Suthakaran, S. , Jayakody, S. , Subasinghe, S. , Seneviratne, N. and Alahakoon, R. (2022) Mapping the Flood Risk Exposure Using Open-Source Geospatial Tools and Techniques: A Case of Gampaha Divisional Secretariat Division, Sri Lanka. Journal of Geoscience and Environment Protection, 10, 18-31. doi: 10.4236/gep.2022.1010002.

1. Introduction

A flood is a temporary submersion of land caused by water flow (Lin et al., 2016). Although the occurrence of flood cannot be prevented entirely, the risk of the flood can be reduced through proper planning and mitigation mechanism (Samu & Kentel, 2018). Spatial data collection related to flood exposure plays a significant role in flood planning, early warning systems, emergency response services, and the design of flood risk reduction (Esmaiel et al., 2022). Various studies have been developed several approaches to assess and map the elements in flood prone areas (Hagos et al., 2022; Lekamlage et al., 2022; Pushpakumara & Isuru, 2018; Schelhorn et al., 2014). The lack of sufficient spatial data is one of the main challenges in flood risk reduction. Recently, freely available spatial data, open-source software packages, and tools have been emerging in storing, analyzing, modeling, and visualizing spatial data (Schelhorn et al., 2014).

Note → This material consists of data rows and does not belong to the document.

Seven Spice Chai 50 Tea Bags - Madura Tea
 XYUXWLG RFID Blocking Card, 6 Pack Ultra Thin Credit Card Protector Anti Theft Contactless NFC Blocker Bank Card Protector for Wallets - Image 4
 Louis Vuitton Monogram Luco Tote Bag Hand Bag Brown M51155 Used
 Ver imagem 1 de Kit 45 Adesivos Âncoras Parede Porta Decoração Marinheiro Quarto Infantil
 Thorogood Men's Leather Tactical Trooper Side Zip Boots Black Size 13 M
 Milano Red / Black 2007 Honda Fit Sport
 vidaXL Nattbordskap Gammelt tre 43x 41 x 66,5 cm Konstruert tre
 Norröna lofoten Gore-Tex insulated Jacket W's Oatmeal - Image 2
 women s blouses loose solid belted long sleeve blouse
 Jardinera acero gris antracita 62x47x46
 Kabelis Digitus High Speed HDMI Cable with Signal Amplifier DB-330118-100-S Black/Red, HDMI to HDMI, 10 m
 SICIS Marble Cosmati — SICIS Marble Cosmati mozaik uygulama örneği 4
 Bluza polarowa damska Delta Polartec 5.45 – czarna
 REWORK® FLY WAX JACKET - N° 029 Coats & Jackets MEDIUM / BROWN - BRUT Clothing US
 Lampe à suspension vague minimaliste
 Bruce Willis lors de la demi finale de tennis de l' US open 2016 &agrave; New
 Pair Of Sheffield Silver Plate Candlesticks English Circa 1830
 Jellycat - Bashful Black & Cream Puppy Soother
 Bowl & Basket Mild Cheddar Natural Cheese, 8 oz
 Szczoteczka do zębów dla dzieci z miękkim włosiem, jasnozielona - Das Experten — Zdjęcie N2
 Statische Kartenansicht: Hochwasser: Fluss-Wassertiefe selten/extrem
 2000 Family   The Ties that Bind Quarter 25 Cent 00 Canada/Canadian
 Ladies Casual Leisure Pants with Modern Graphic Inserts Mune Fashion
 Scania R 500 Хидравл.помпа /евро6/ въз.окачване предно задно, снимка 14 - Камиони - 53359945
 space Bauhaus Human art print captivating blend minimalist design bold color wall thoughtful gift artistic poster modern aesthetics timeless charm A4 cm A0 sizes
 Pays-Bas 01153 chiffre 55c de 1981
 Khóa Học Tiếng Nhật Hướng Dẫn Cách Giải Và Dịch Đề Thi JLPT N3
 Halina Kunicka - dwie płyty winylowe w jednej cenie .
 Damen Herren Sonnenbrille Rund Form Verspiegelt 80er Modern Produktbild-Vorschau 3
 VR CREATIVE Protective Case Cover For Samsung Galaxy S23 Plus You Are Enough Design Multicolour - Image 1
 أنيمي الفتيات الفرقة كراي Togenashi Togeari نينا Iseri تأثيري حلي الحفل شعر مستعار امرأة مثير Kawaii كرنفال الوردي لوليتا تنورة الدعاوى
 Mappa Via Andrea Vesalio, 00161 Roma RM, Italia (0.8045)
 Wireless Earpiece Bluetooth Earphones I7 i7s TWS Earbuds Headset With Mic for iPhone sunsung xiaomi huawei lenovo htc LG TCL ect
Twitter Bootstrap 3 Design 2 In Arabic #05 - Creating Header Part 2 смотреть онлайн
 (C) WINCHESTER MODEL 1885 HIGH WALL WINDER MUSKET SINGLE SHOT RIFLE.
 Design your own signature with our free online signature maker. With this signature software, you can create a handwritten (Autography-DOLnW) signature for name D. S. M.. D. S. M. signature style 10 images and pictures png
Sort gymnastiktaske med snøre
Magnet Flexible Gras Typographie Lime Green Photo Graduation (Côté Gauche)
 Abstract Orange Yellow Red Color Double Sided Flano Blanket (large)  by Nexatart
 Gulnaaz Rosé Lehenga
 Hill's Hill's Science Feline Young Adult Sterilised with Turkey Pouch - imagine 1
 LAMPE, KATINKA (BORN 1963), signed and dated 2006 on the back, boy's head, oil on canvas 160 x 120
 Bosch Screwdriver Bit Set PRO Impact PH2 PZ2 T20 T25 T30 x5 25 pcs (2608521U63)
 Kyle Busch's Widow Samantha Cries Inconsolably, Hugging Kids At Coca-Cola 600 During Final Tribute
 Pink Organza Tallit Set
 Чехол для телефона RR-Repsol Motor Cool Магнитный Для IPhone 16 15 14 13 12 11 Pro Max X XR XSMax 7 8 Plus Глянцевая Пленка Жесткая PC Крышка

While the hazard defines the degree to which peril has its effect, exposure gives the estimate of the constructed elements, such as roads and buildings underlying the hazard footprint (Aggarwal, 2016). Vulnerability is the quality or state of being exposed to damage for a given peril. In general, risk due to any peril is a function of hazard, exposure, and vulnerability (Aggarwal, 2016; Fedeski & Gwilliam, 2007). Delineating exposure and hazard are a priority for all governments and policymakers in effective disaster management. The accurate and updated data is a primary component of identifying hazard, vulnerabilities, and exposure related to an efficient disaster management process (Aggarwal, 2016). Among the various types of data, remotely sensed data is dominant in disaster management initiatives. However, there are many challenges in applying remote sensing data for exposure mapping. They are; 1) Cost and availability of high resolution remotely sensed data; 2) Cost of image processing software, most of them are commercially based; 3) Lack of high skilled people to handle the remote sensing data and geospatial analysis. These challenges have significantly limited the spatial data availabilities in developing countries.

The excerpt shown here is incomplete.